Create a database of information collected from various websites.

Syntax and Parameters

TASK_URL_READER

(url, [return_format], [use_cache], [celladdress])

Parameter	Data Type	Required	Description
url	`string`	Required	The web address of the page you want to extract (e.g., "https://www.example.com")
return_format	`string`	Optional	How you want the content formatted. Options include `"default"` , `"text"` , `"html"` , `"markdown"` , `"screenshot"`
use_cache	`boolean`	Optional	Whether to save and reuse previous results (default: `true` )
celladdress	`string`	Optional	Where to place the output (e.g., "C1"). If not specified, results appear in the cell to the right of the function

Advanced Options

Return Format Options

Text Format (
`"text"`
)

Returns just the readable text from the webpage with minimal formatting:

=TASK_URL_READER("https://www.example.com", "text")

This is ideal when you only need the raw text content without any HTML tags or formatting.

HTML Format (
`"html"`
)

Returns the complete HTML code of the webpage:

=TASK_URL_READER("https://www.example.com", "html")

Use this when you need to analyze the page structure or extract specific HTML elements.

Markdown Format (
`"markdown"`
)

Converts the webpage content to markdown formatting:

=TASK_URL_READER("https://www.example.com", "markdown")

This preserves basic formatting like headings, lists, and links in a clean, readable format.

Screenshot Format (
`"screenshot"`
)

Returns a URL to a screenshot image of the webpage:

=TASK_URL_READER("https://www.example.com", "screenshot")
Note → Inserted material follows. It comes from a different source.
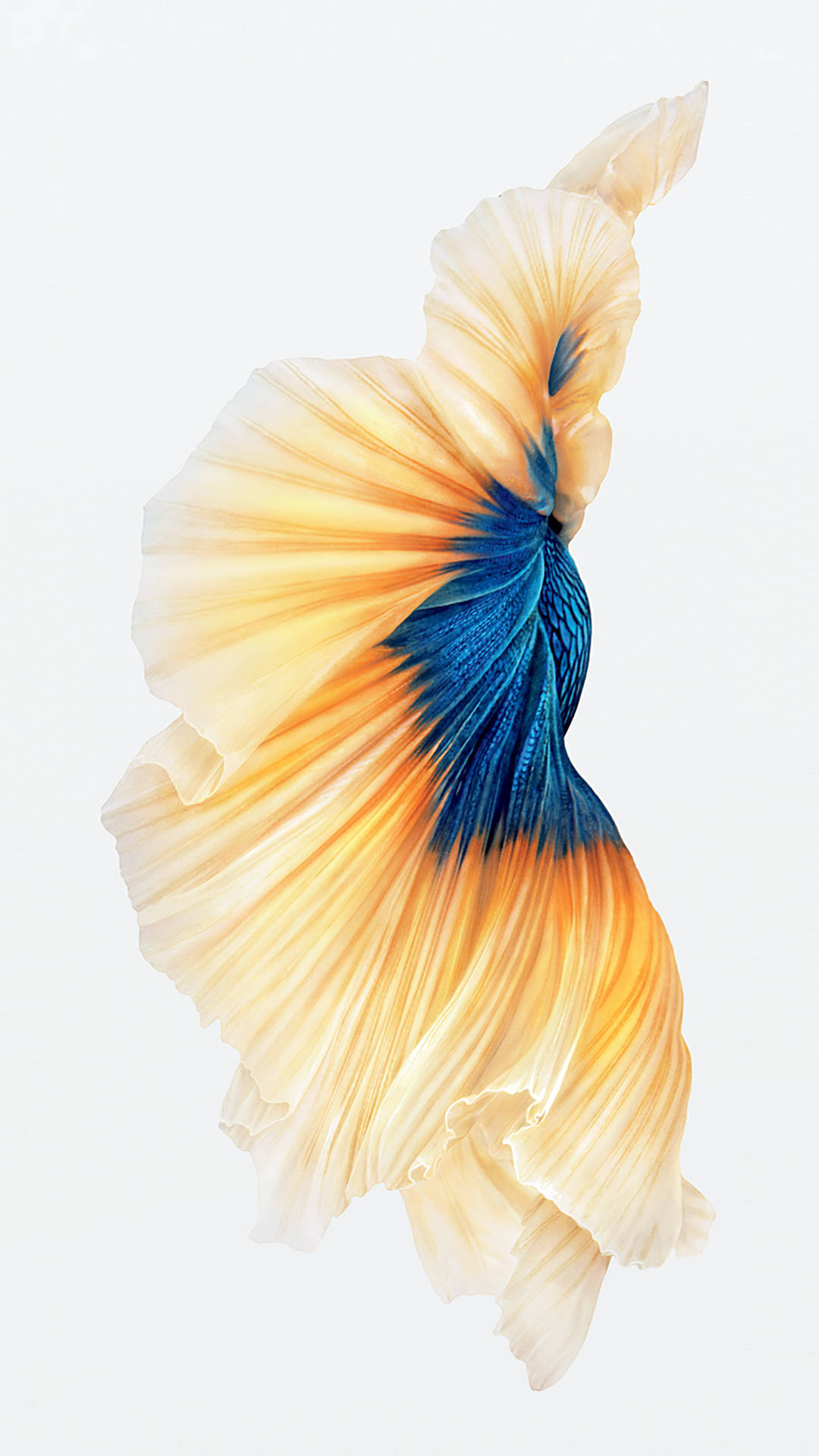 黃色暹羅鬥魚 iPhone 壁紙 — 一條擁有流動橙色和藍色魚鰭的鬥魚，背景為純白色。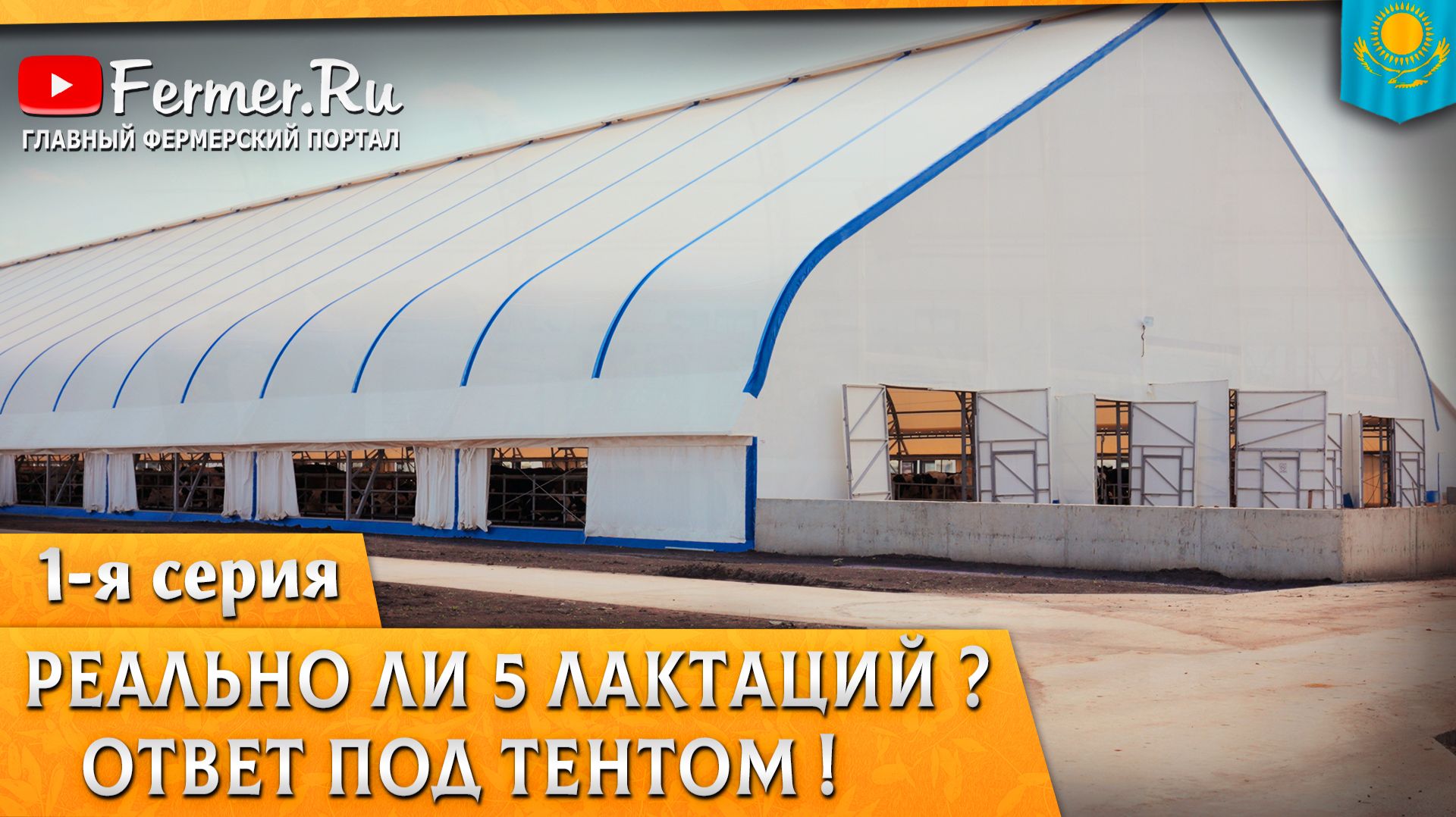 Почему тент, а не сэндвич? Коровник на 800 голов в СКО. 1-я серия. ТОО «СК Агро 2050».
The screenshot option is particularly useful when:

The website's HTML is difficult to scrape
You want to capture the visual layout of a page
You need to feed the visual content to AI models that support image processing

When combined with

TASK_LM

, you can use this to analyze visual content:

=TASK_LM("Describe what you see in this image: " & TASK_URL_READER("https://www.example.com", "screenshot"))

Cache Control

The cache system stores results for 6 hours to improve performance and reduce API calls:

=TASK_URL_READER("https://www.example.com", "default", true)

To always fetch fresh content, set

use_cache

false

=TASK_URL_READER("https://www.example.com", "default", false)

Use the Save icon in the sidebar for long-term storage of cached results across sessions.

Cell Address Targeting

By default, results appear in the cell to the right of the function. To specify a different output location:

=TASK_URL_READER("https://www.example.com", "default", true, "G10")

You can also specify just a column, and the function will use the current row:

=TASK_URL_READER("https://www.example.com", "default", true, "G")

Examples

Basic Usage

=TASK_URL_READER("https://www.wikipedia.org")

This places Wikipedia's homepage content in the cell to the right of the formula.

News Article Extraction

=TASK_URL_READER("https://www.bbc.com/news/world-65360307", "text", true, "B5")

This extracts a BBC news article as plain text and places it in cell B5.

Product Information

=TASK_URL_READER("https://www.amazon.com/dp/B08N5KWB9H", "markdown")

This fetches an Amazon product page in markdown format.

Documentation Reference

=TASK_URL_READER("https://developers.google.com/apps-script/reference/spreadsheet/sheet", "text", false)

This gets fresh (non-cached) Google Apps Script documentation as plain text.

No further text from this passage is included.